Claire di Pierre-Alexandre Muller e Tara Nassef-Stephan

Ritorniamo dunque a parlare a francese con questo corto onirico che vede Claire, da poco sposatasiper la seconda volta, rievocare i traumi del proprio passato. Apprendendo della gravidanza, Claire sprofonda in un incubo a occhi aperti quando riaffiorano alla sua mente i ricordi della figlia morta qualche anno prima in un incidente automobilistico. Al di là del soggetto, quanto fa brillare l’opera della coppia di registi è l’estrema cura per l’aspetto visivo: ciò non si ferma al realismo degli aspetti più sanguinolenti e conturbanti, ma arriva sino alla pregevole rappresentazione di piccoli dettagli reconditi in ogni inquadratura che fanno trasparire la paura per la nuova gravidanza e quell’irrazionale ma fisiologico senso di colpa per la morte della figlia. Il gore è quanto più raffinato può essere, e il surrealismo che permea la pellicola ricorda un po’ i primi corti lynchani (Alphabet, The grandmother, e per certi versi anche Eraserhead), prendendo con tutta probabilità il regista americano ad esempio, senza però per questo fermarsi allo sterile omaggio.

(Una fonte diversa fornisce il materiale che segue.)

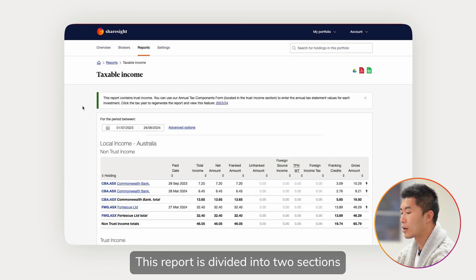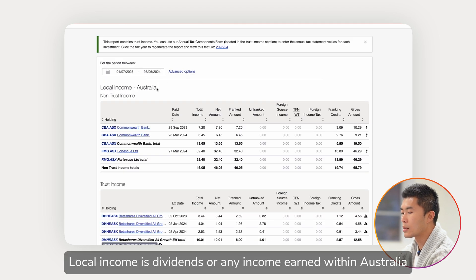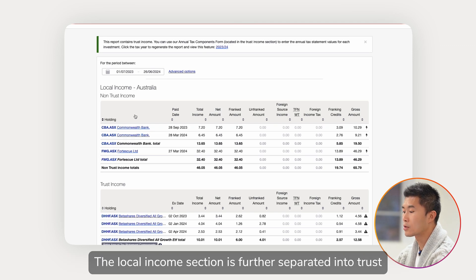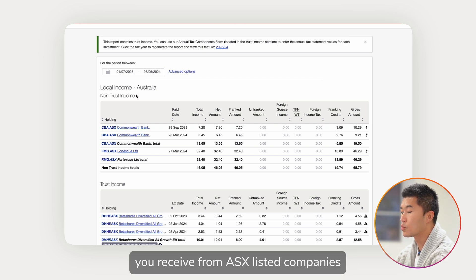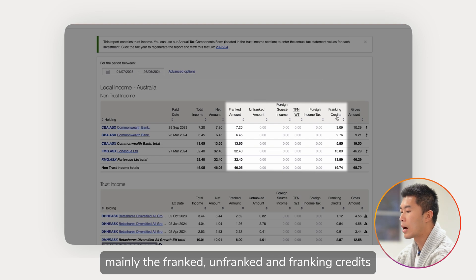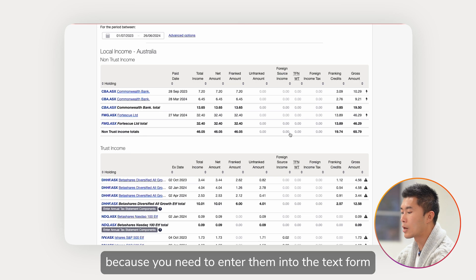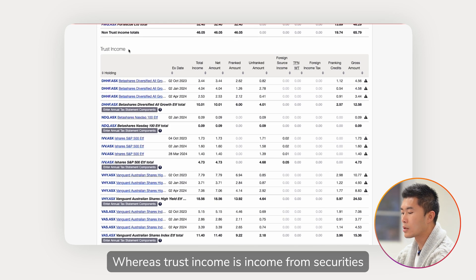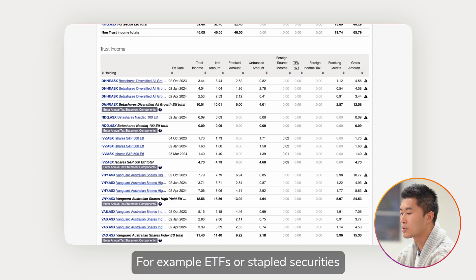This report is divided into two sections: Local Income and Foreign Income. Local Income is dividends or any income earned within Australia. The Local Income section is further separated into trust and non-trust income. Non-trust income is generally dividends you receive from ASX listed companies. Each payment is broken down into individual components — mainly the franked, unfranked, and franking credits. You can also see the total under each component because you need to enter them into the tax form. Trust income is income from securities that have a trust structure, for example ETFs or stapled securities.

SELFIEsh di Ekaterina Volkova

Con SELFIEsh abbiamo un corto di produzione russa girato a Roma, che vede la messa in scena di un momento importante per il rapporto madre/figlio quando la prima costringerà il secondo ad aiutarla a reperire della marijuana per calmare dei dolori al petto. Il corto in sostanza è una commedia; mira soprattutto a far ridere del e con il rapporto più o meno ambivalente che mette in scena. Di fatto non è nulla di nuovo, trovando la sua principale caratteristica nel ribadire ancora una volta quella retorica semplicistica fatta di ostentazione di sincerità e di ritorno al passato, al naturale o al semplice in generale. Strizza un po’ l’occhio a quel trend sviluppatosi in Italia negli ultimi anni dello svelamento delle ipocrisie dei rapporti amicali attraverso lo svilupparsi del film in un unico interno Con la prima scena ma anzichè svelare quello che fa SELFIEsh è coprire sempre di più, risultando finto come quei personaggi della prima inquadratura che avrebbero dovuto essere paradossali ma che invece si sono rivelati programmatici.

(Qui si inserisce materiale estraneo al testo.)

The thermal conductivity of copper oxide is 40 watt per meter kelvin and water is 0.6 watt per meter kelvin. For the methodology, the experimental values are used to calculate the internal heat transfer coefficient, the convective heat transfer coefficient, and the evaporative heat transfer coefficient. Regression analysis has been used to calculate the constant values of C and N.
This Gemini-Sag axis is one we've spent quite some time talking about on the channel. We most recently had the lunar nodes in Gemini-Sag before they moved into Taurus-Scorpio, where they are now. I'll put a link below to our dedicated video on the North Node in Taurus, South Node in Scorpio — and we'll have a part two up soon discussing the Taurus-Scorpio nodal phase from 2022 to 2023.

Sightseeing di David Borbàs

Un’altra storia di difficile emigrazione dopo Sledtzwo: the inquest. Qui uno scapestrato bulgaro che deve ridare dei soldi a uno strozzino si trova a dover improvvisarsi autista per aiutare una kosovara a emigrare legamente in Austria. Forse il più sobrio e raffinato dei corti delle prime tre giornate, Sightseeing mette in scena uno scalcinato road movie per due perdenti, due personaggi ai margini che tentano anche di fare qualcosa di buono ma che vedono continuamente le loro aspettative frustrate dallo stato delle cose. Due borderliners a cui è faciel affezionarsi, dunque, diventano gli occhi dello spettatore per gettare uno sguardo sui punti deboli dell’Europa moderna, sulle difficoltà che incontrano certe persone a prescindere da ciò che possono o hanno deciso di fare. Lo stile di Borbàs è semplice e piano; accompagna i lunghi percorsi della coppia con lente carrellate studiate ma non appariscenti, riuscendo sia a creare suggestione che a gestire bene i tempi, cosa difficile considerando che l’opera dura mezz’ora scarsa e che l’andamento generale è lento, e rallentatro ancora di più  – volontariamente – dalle difficoltà linguistiche dei due e dalle varie peripezie. Un corto che trabocca mestiere ed esperienza, uno dei più solidi sinora.